* Study material *
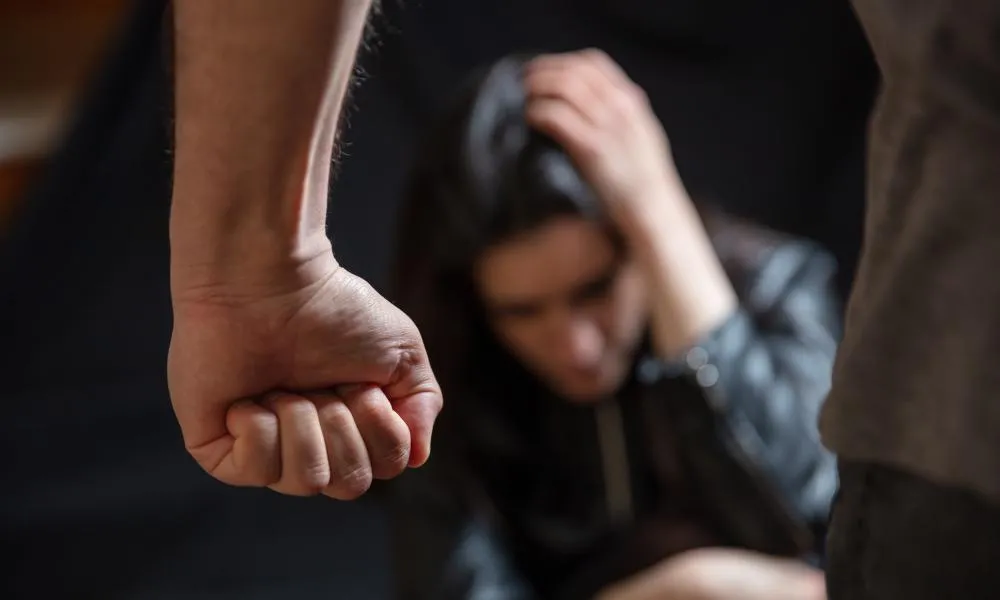 Homem é preso em flagrante por agredir a esposa no Norte do Piauí
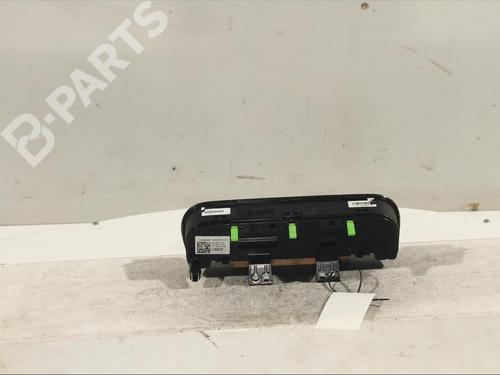 Climate control KIA XCEED (CD) 1.6 CRDi 115 | BP11990478I5 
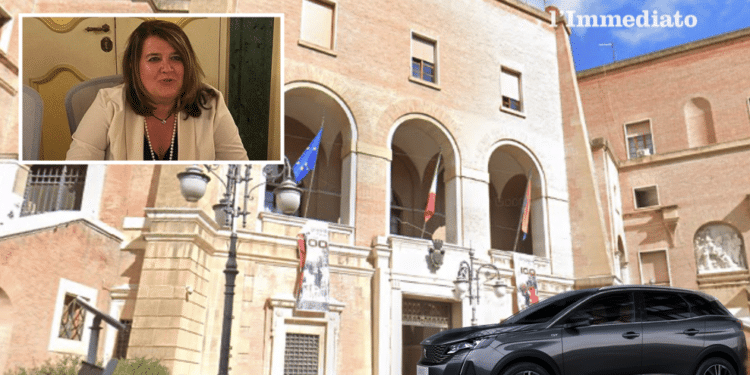 Episcopo e la Peugeot 508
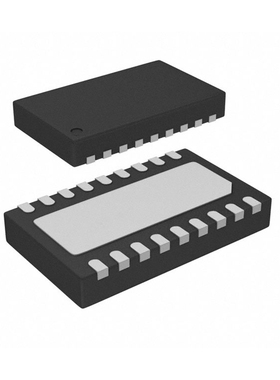 电源芯片LTC3265HDHC#PBF[IC REG CHARGE PUMP INV DL 18DFN]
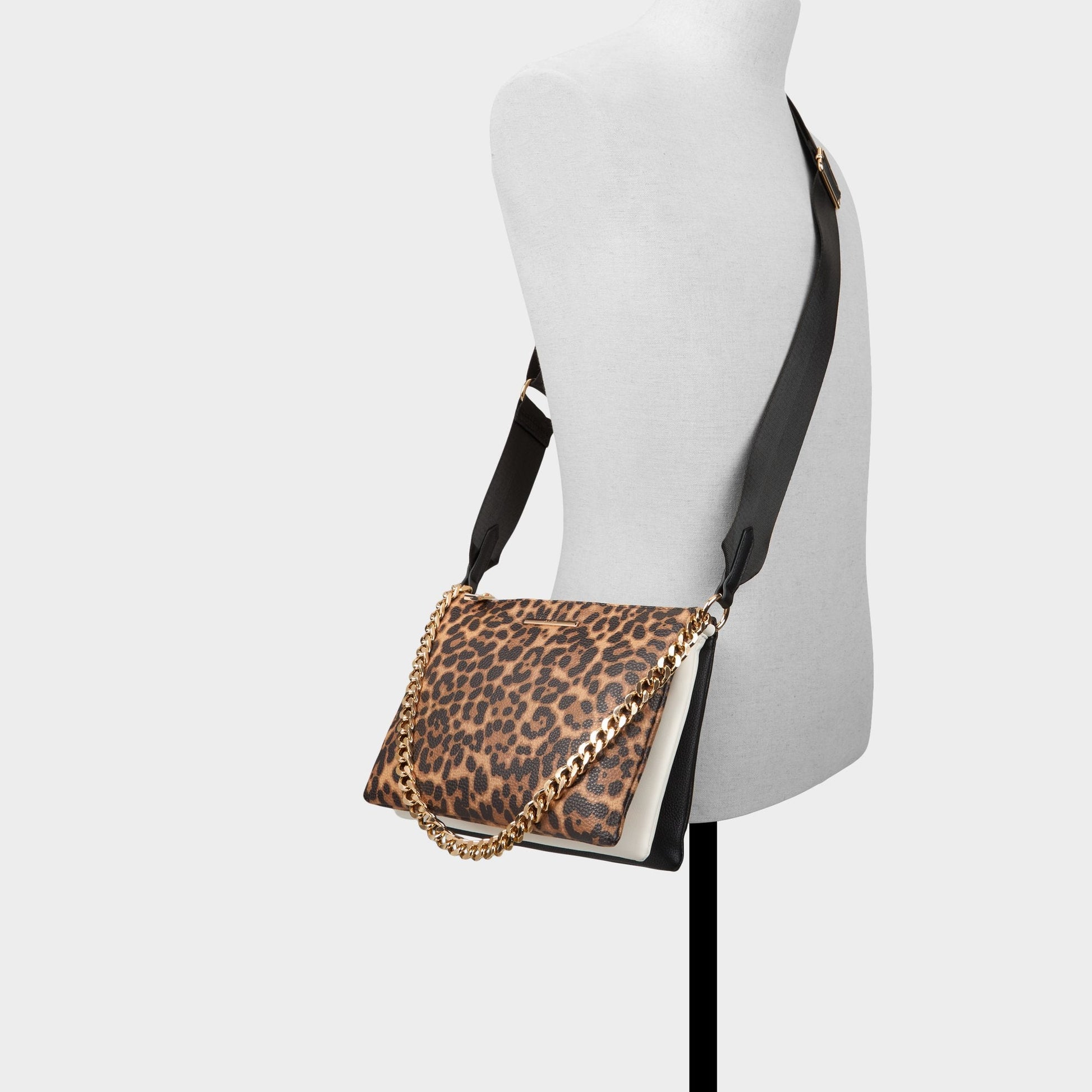 Alaeteriell in Other Black -  | Aldo Signature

* What to do *
Please copy the lines above exactly as written, apart from any pictures.

* Answer space *
 Homem é preso em flagrante por agredir a esposa no Norte do Piauí
 Climate control KIA XCEED (CD) 1.6 CRDi 115 | BP11990478I5 
 Episcopo e la Peugeot 508
 电源芯片LTC3265HDHC#PBF[IC REG CHARGE PUMP INV DL 18DFN]
 Alaeteriell in Other Black -  | Aldo Signature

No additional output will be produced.